# Polyplastic Windows -- Cleaning



## 89051 (May 12, 2005)

Can anyone please tell me the correct method of cleaning Polyplastic Windows? I need to remove the residue of some non hardening sealant. I have been advised to use spirit wipe, but would like to have the views of other members.


----------



## geraldandannie (Jun 4, 2006)

Hi, jandemotor

Is it possible to peel the residue off with your fingernail?

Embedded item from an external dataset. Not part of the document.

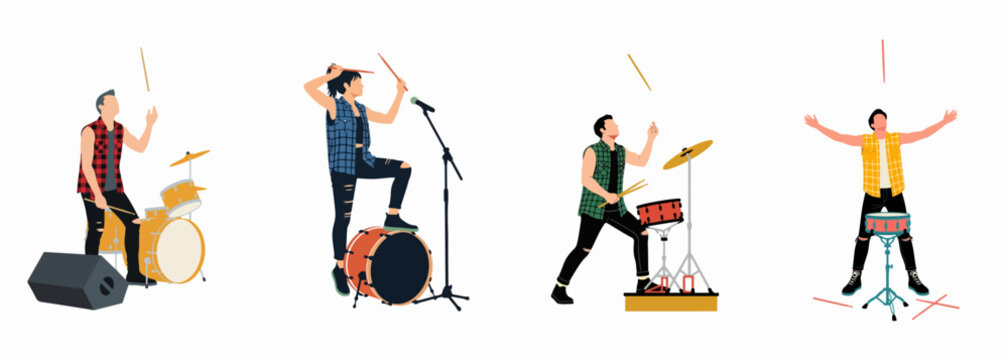 Collection of four stylized drummer illustrations in dynamic performance poses, wearing casual punk-inspired attire against a plain white background.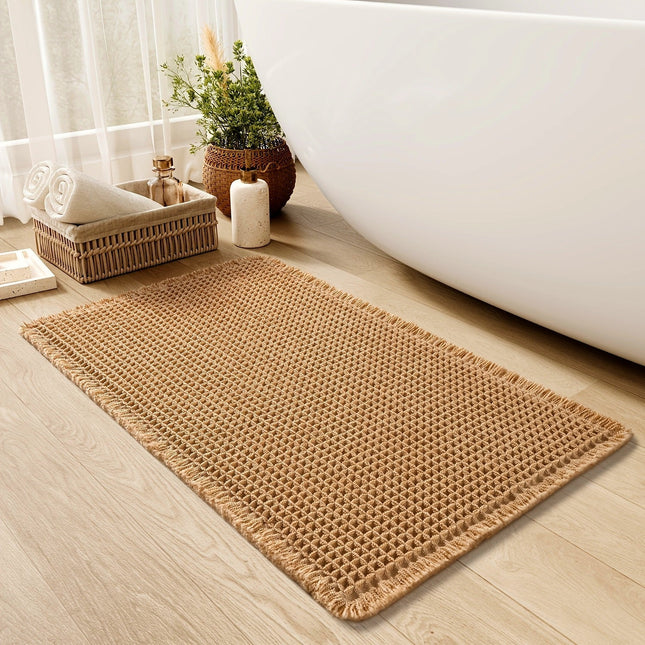 AbsorbEase Ultra Bath Mat 24" x 16" – Super Absorbent Waffle Design, Non-Slip & Machine Washable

There are a couple of threads, more concerned with scratch removal, but still may be interesting .... ** here ** and ** here **

Gerald


----------



## rebbyvid (Apr 10, 2006)

Hi Jandemotor try this link http://www.dometic.com/templates/Product,674,1466.aspx think you'll find autoglym also does a cleaner
Rob


----------



## spykal (May 9, 2005)

Hi

Unfortunately AFAIK using any solvent on these windows is a NoNo... so what should you do? This is what I would try....As suggested remove as much as possible by scraping with something softer than the acrylic ... a finger nail or a bit of soft plastic... then follow this up by spraying some WD40 onto a cloth and rubbing the area , keep the cloth soaked in WD40... but only do a trial area first ...just in case.

WD40 has a solvent in it but it must be a mild one....I have used it sucessfully to remove unwanted stickers from plastic surfaces.... it works well on price tags too( soak in WD40 then peel off) . As I have never had cause to try it on a polyplastic window ...the trial is up to you. :roll:

If you have any marks left then I find Fenwicks Windowize works well as a scratch remover









Mike

Mike


----------



## Spacerunner (Mar 18, 2006)

I have found that to remove scratches etc. that T-cut scratch remover is better and cheaper than Fenwicks and other purpose made removers.


----------